*STORED DATA:*
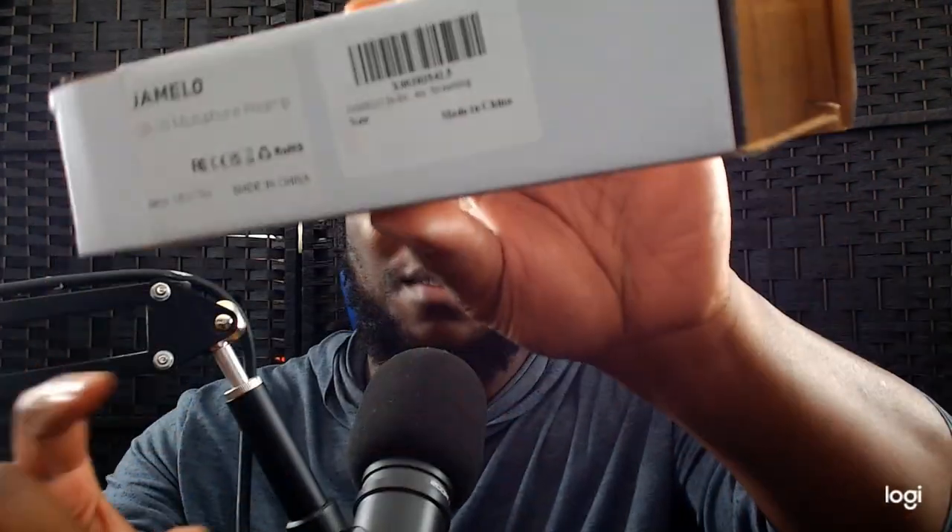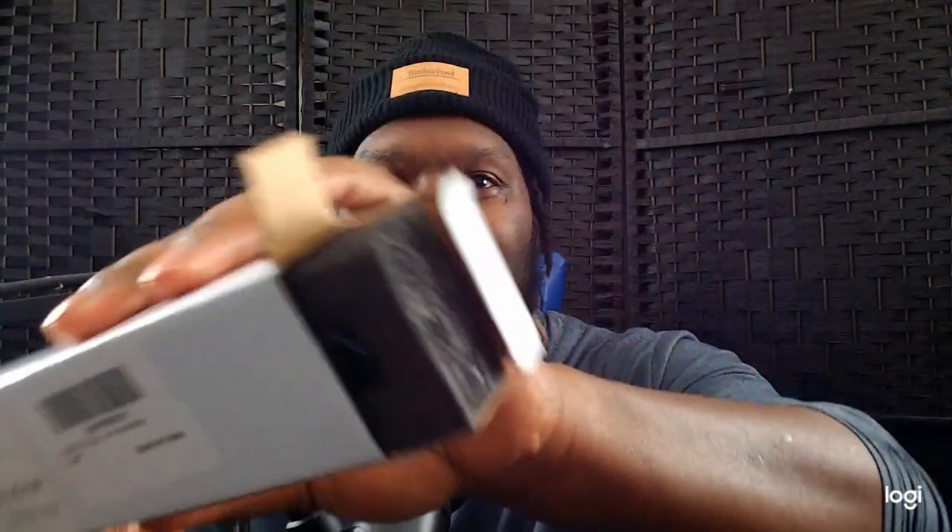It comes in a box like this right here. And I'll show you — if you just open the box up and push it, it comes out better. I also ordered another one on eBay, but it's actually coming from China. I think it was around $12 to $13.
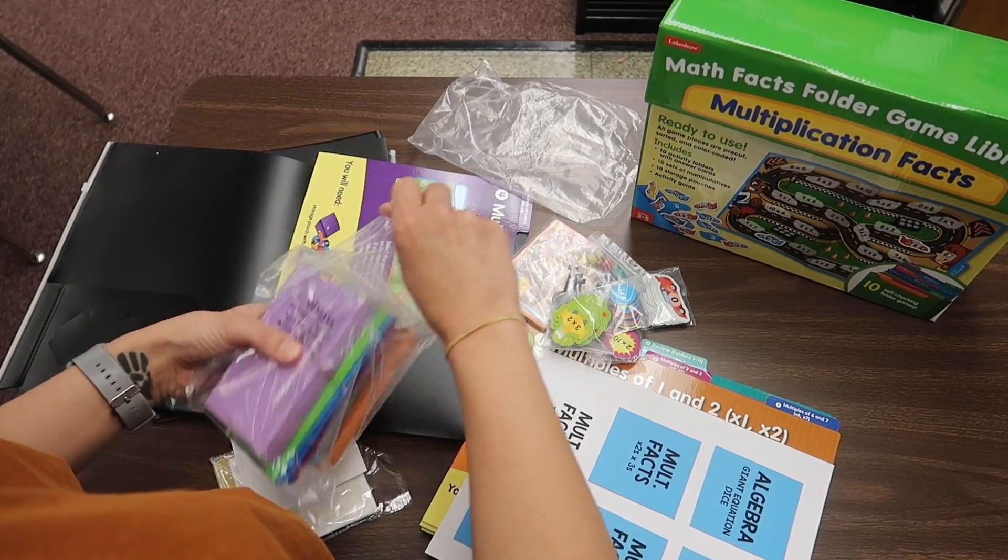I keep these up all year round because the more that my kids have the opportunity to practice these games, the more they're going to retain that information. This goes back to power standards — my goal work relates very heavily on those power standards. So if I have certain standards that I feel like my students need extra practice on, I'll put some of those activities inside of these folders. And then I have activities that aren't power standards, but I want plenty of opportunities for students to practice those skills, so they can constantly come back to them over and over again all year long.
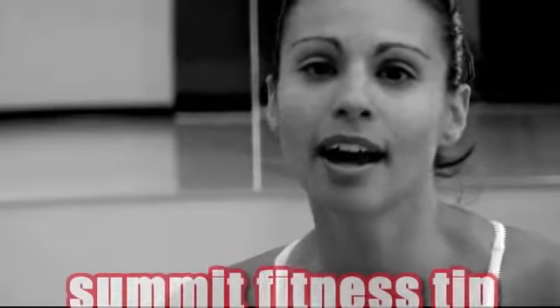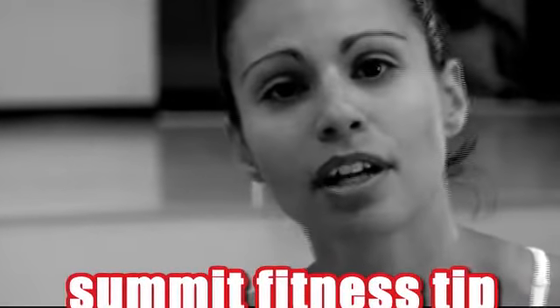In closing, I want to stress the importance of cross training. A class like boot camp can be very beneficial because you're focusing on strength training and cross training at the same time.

*PROBLEM TO WORK ON:* Write out the material above precisely, leaving each picture behind.

*EXPECTED OUTPUT:*
It comes in a box like this right here. And I'll show you — if you just open the box up and push it, it comes out better. I also ordered another one on eBay, but it's actually coming from China. I think it was around $12 to $13.
I keep these up all year round because the more that my kids have the opportunity to practice these games, the more they're going to retain that information. This goes back to power standards — my goal work relates very heavily on those power standards. So if I have certain standards that I feel like my students need extra practice on, I'll put some of those activities inside of these folders. And then I have activities that aren't power standards, but I want plenty of opportunities for students to practice those skills, so they can constantly come back to them over and over again all year long.
In closing, I want to stress the importance of cross training. A class like boot camp can be very beneficial because you're focusing on strength training and cross training at the same time.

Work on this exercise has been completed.